▶ _DATA PROVIDED_

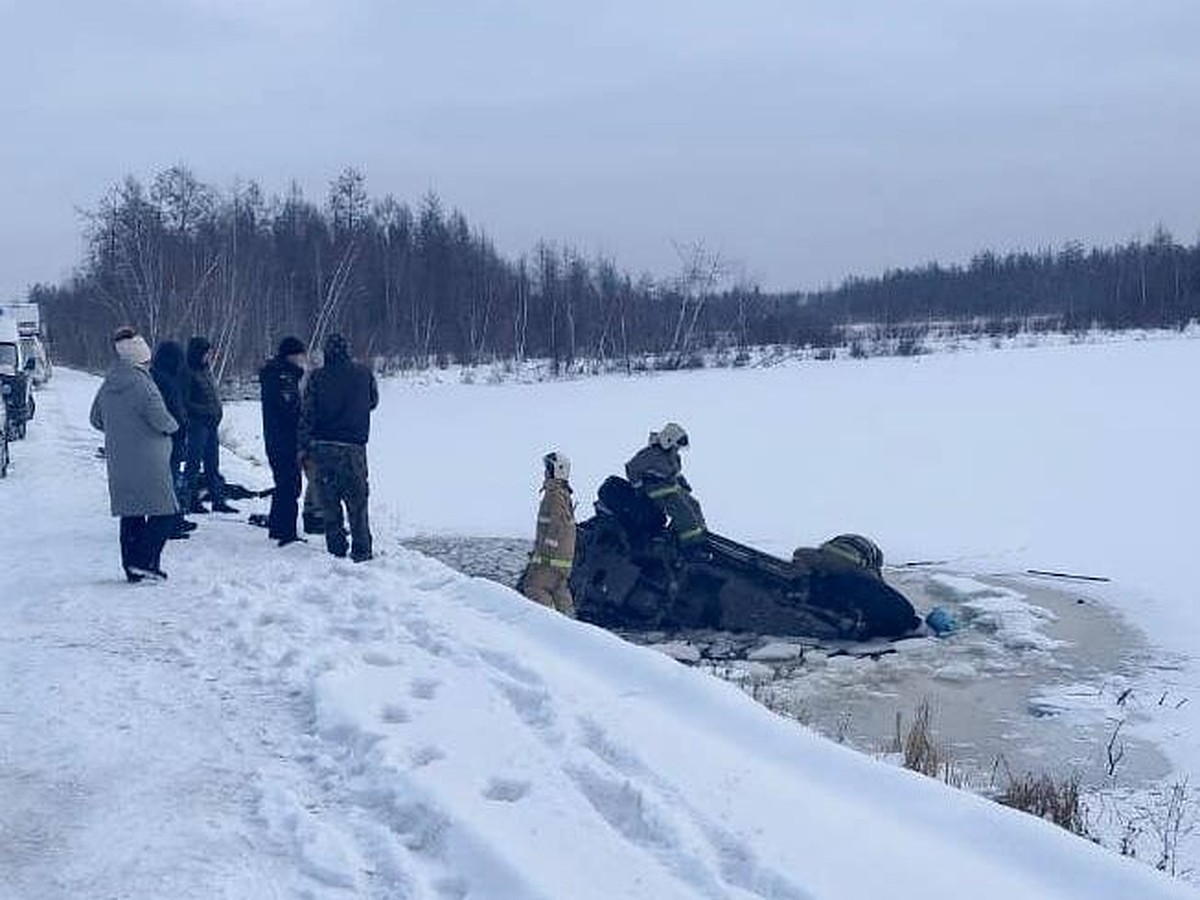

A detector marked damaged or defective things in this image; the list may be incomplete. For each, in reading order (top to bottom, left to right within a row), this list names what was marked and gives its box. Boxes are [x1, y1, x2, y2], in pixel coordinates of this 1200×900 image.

==

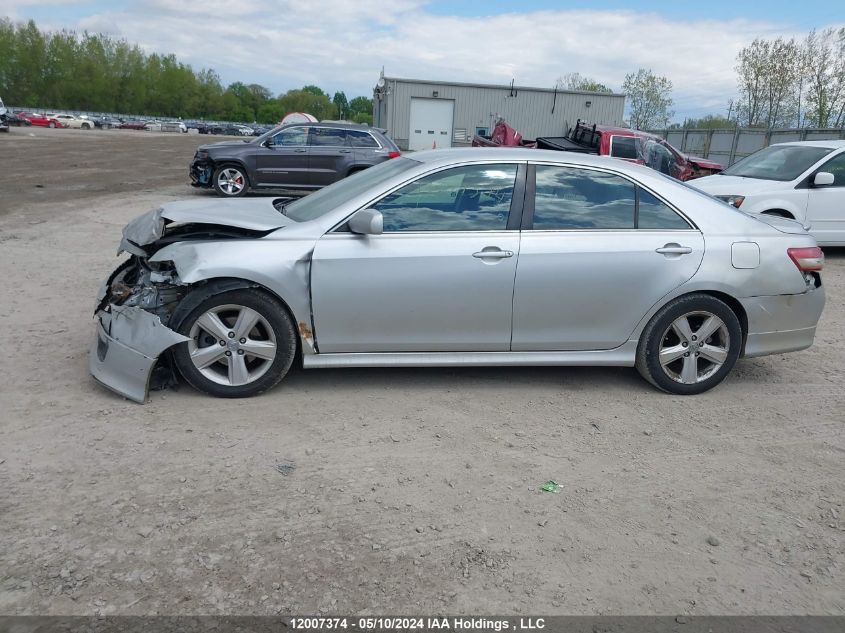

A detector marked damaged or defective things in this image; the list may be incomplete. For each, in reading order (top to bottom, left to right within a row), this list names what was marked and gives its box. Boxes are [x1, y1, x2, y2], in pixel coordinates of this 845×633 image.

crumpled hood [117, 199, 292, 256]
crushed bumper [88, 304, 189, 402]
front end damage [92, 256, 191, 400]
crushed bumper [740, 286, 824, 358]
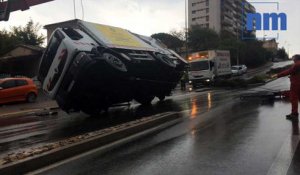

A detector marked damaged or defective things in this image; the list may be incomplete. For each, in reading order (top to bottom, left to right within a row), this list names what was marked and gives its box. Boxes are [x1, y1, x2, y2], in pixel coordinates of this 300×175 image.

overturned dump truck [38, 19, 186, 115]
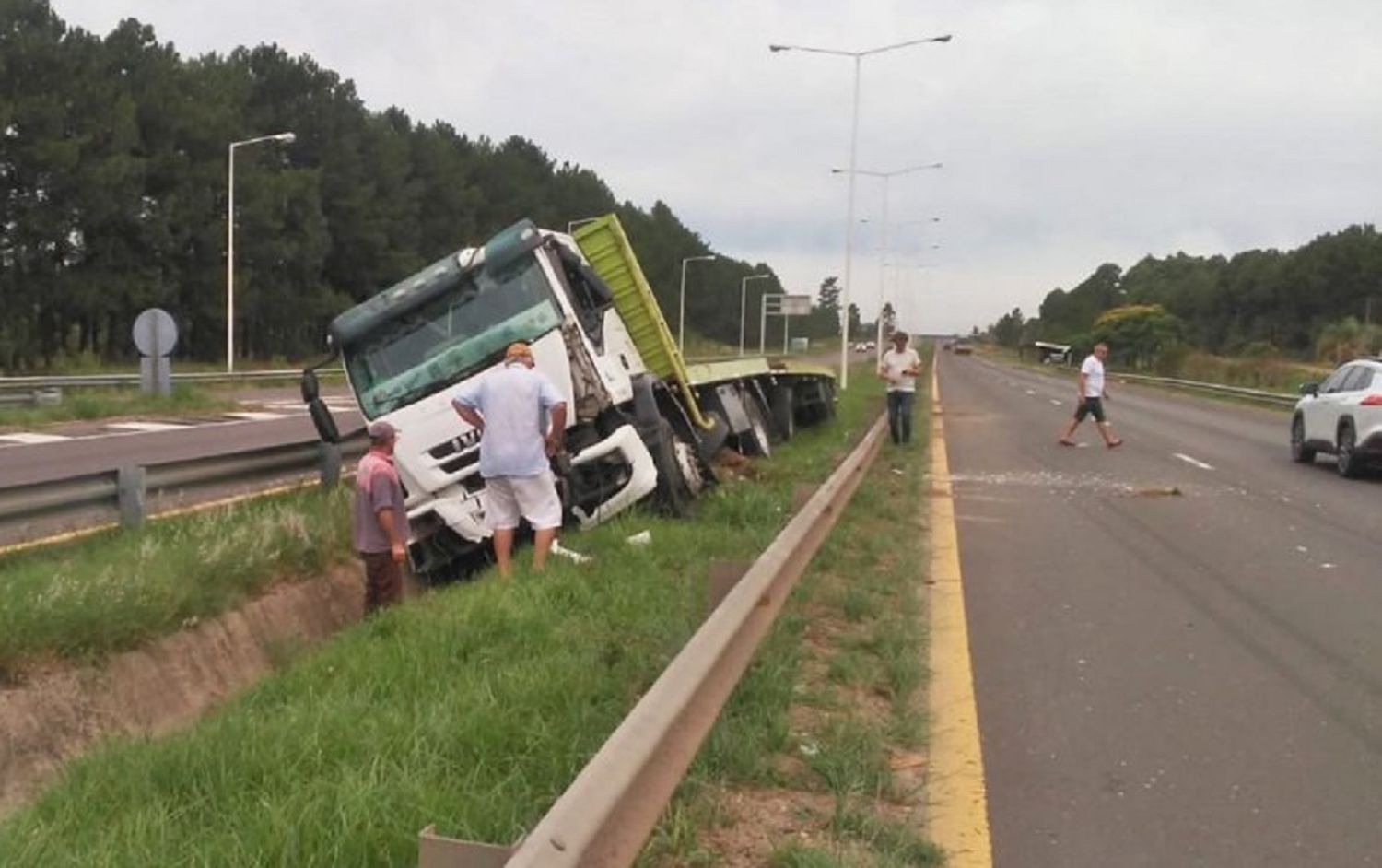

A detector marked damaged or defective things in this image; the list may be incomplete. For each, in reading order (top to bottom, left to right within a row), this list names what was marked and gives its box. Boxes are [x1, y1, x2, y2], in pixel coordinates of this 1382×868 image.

▶ _EXERCISE OBJECTIVE_
Starting at the line above that holds "this 845×633 image.", return each line up to and including the one that holds "this 1382×868 image.", exactly as written, minus any pictures.

▶ _SOLUTION TO THIS TASK_
A detector marked damaged or defective things in this image; the list may be incomplete. For each, in reading order (top to bottom, left to right within a row), this list names what was marked and gives its box. Boxes are [x1, y1, x2, y2], in pixel coordinates of this 845×633 image.

crumpled hood [117, 199, 292, 256]
crushed bumper [88, 304, 189, 402]
front end damage [92, 256, 191, 400]
crushed bumper [740, 286, 824, 358]

A detector marked damaged or defective things in this image; the list may be incomplete. For each, in reading order (top to bottom, left to right within a row), this list names what was marked and gives its box. Boxes are [x1, y1, x2, y2], in pixel coordinates of this 300×175 image.

overturned dump truck [38, 19, 186, 115]

A detector marked damaged or defective things in this image; the list may be incomplete. For each, in reading order (top to bottom, left to right within a row), this list names what was marked and gives its box. Boxes are [x1, y1, x2, y2], in pixel coordinates of this 1382×868 image.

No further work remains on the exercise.